1) Mainstems will be a number from 1 to the single digit millions. If we were to pad mainstems to start above the greatest possible mainstem id,

1 becomes 10,000,001 (commas for clarity only) 1,234,567 becomes 11,234,567

Each catchment along each mainstem within this would be numbered 1:n.

So the first catchment of mainstem 1 would be 10,000,011 and catchment n would be 10,000,01n.

A 32 bit integer can go to 2,147,483,647 so using this scheme, if n were less than 1000, 1,000,001,999 we are ok but for n > 1000, this is no longer a 32 bit integer and won't have the performance benefit of an integer ID.

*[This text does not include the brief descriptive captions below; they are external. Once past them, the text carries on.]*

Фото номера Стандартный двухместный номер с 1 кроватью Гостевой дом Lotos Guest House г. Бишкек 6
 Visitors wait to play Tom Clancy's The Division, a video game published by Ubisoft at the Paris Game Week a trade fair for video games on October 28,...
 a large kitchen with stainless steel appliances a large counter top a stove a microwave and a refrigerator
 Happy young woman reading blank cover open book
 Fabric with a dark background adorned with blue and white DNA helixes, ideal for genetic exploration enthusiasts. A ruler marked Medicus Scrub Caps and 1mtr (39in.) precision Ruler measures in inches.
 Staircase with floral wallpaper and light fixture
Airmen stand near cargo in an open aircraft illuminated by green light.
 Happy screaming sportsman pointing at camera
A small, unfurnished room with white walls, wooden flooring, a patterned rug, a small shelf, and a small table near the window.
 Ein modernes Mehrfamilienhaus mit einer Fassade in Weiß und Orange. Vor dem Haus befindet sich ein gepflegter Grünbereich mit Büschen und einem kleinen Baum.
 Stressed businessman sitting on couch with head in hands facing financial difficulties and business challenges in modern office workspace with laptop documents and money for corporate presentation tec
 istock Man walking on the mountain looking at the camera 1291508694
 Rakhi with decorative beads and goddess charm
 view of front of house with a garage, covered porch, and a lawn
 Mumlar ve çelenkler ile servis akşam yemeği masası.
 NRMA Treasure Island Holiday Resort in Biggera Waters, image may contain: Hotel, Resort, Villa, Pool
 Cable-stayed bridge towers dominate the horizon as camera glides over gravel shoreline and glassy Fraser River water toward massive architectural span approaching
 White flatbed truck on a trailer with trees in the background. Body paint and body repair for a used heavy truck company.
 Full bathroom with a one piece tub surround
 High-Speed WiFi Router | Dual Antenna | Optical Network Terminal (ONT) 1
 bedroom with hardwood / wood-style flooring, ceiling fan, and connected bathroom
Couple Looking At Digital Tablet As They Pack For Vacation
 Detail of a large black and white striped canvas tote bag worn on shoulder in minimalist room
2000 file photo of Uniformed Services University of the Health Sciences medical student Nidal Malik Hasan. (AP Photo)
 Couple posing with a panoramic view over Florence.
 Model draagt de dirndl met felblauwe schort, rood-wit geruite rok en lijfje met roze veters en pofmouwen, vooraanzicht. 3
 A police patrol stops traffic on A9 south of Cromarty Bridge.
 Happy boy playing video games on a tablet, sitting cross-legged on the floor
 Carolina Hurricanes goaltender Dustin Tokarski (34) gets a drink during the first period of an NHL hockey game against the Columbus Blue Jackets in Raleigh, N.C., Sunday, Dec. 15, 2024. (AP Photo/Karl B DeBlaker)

Checking the Mississippi, even in 1:100k scale data, it's over 1500 catchments. Even for (12,345,67)(1,500) which would be required for a base mainstem set over 1 million and an allowance for over 1000 catchments per mainstem, we have issues.

This leads me to think we should use a character ID. Possibly just use a dash between the mainstem ID and the flowline. There is a complication in that we run some mainstems in multiple regions though.

More to think about. @mikejohnson51 -- have you come up with any other ideas?

mikejohnson51 commented 2 years ago

After our discussion last week, I think this should work and meet all needs:

  1. While creating VPU-level refactors use the existing integer ID AND create character ID based on a concatenated mainstemID-integer (e.g. 1234-1, 1234-2). This provides a computational ID and a "interpretable" ID.

Replacing the random ID generation with a "grouped topo sort" would be nice to increase reproducibility.

  1. When combining VPUs into a CONUS layer, the character ID remains unique but the integers are not. So, remove the integer ID, leaving just the characterID.

  2. Then, new unique integer IDs can be created (as.integer(as.factor(characterID))). If you really really wanted to get clever, you could sort the factors by mainsteam, and sub-mainstem ID providing a national "topo" sort (I think).

This would provide a simple way to get CONUS wide unique integer and character ids?

dblodgett-usgs commented 2 years ago

Yeah - I like this. We can leave ID smarts outside hyRefactor this way as well. I really don't want to touch smart IDs if I can help it at all.